GIVEN MATERIAL:

*** Block opens ***

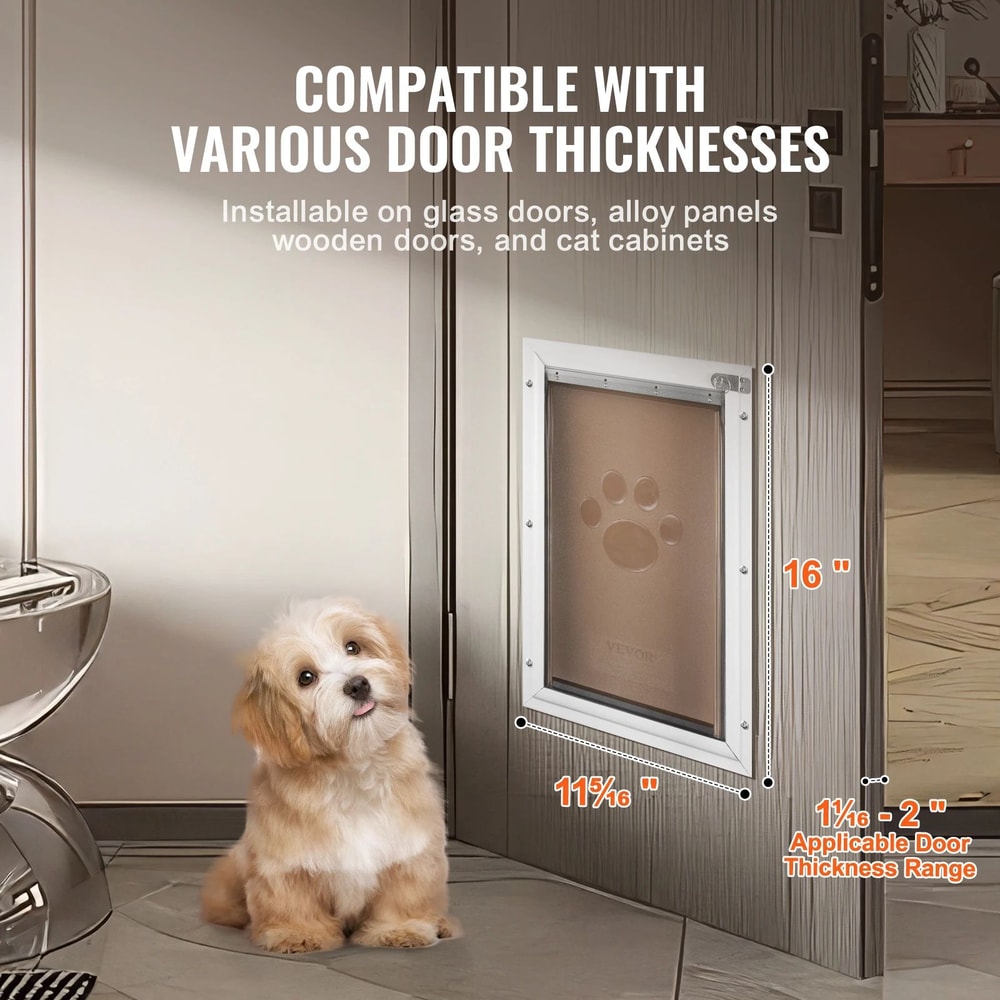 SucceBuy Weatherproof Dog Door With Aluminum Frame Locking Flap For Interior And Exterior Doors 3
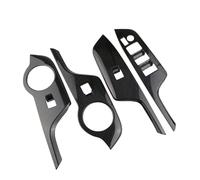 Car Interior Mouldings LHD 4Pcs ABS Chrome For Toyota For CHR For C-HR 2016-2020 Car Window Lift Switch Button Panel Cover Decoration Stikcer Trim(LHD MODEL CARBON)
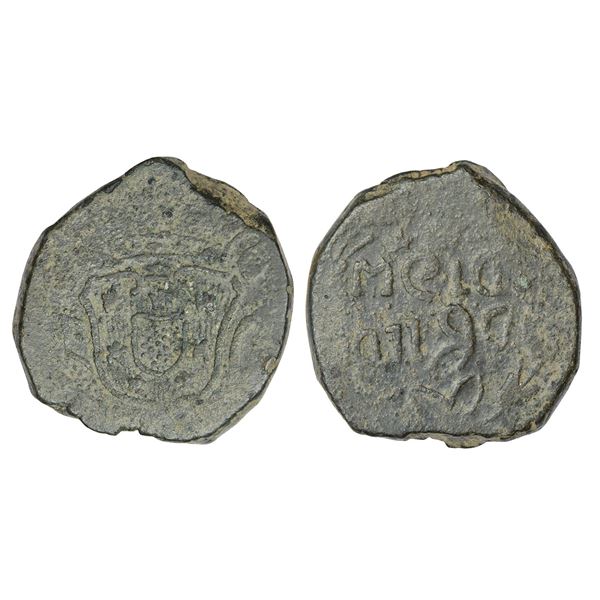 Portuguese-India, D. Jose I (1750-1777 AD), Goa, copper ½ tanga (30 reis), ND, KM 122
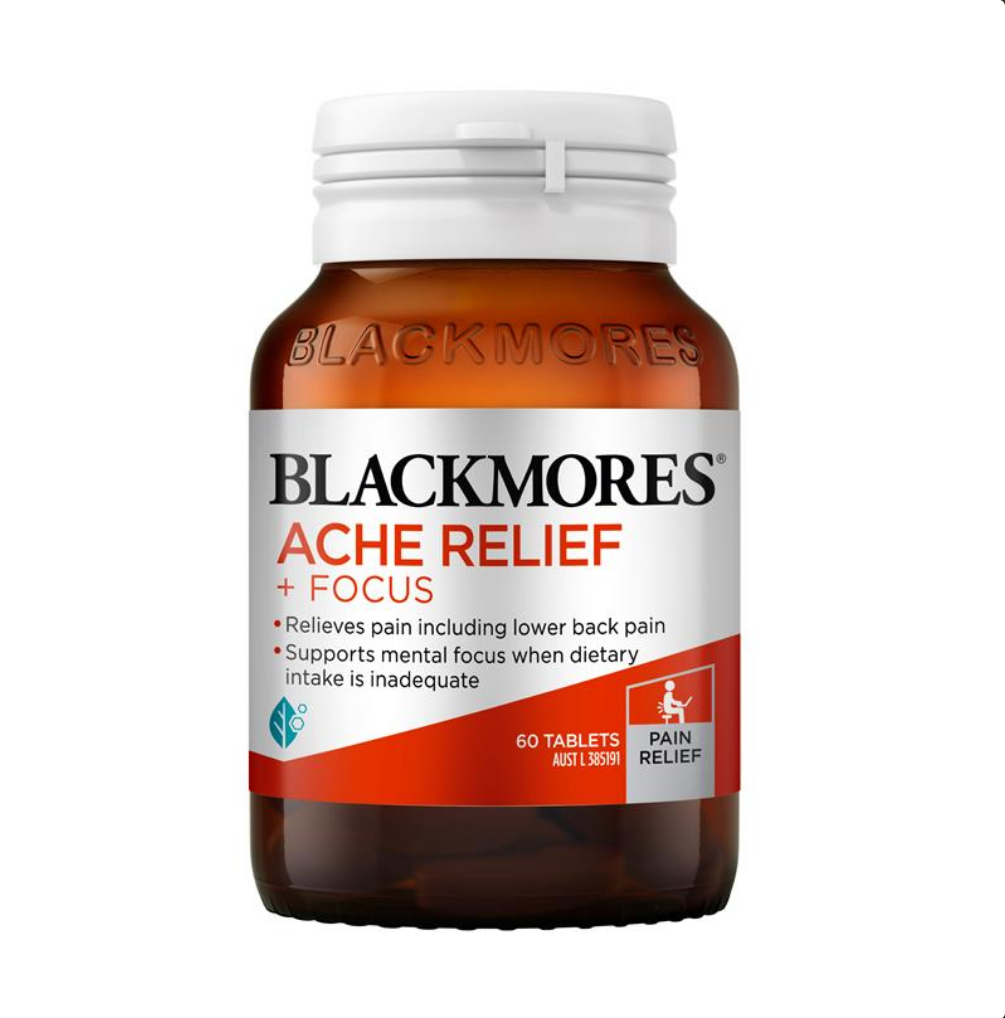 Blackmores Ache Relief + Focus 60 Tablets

*** Block closes ***

ACTIVITY: Copy the material exactly. Do not include the pictures.

FINISHED EXERCISE:
 SucceBuy Weatherproof Dog Door With Aluminum Frame Locking Flap For Interior And Exterior Doors 3
 Car Interior Mouldings LHD 4Pcs ABS Chrome For Toyota For CHR For C-HR 2016-2020 Car Window Lift Switch Button Panel Cover Decoration Stikcer Trim(LHD MODEL CARBON)
 Portuguese-India, D. Jose I (1750-1777 AD), Goa, copper ½ tanga (30 reis), ND, KM 122
 Blackmores Ache Relief + Focus 60 Tablets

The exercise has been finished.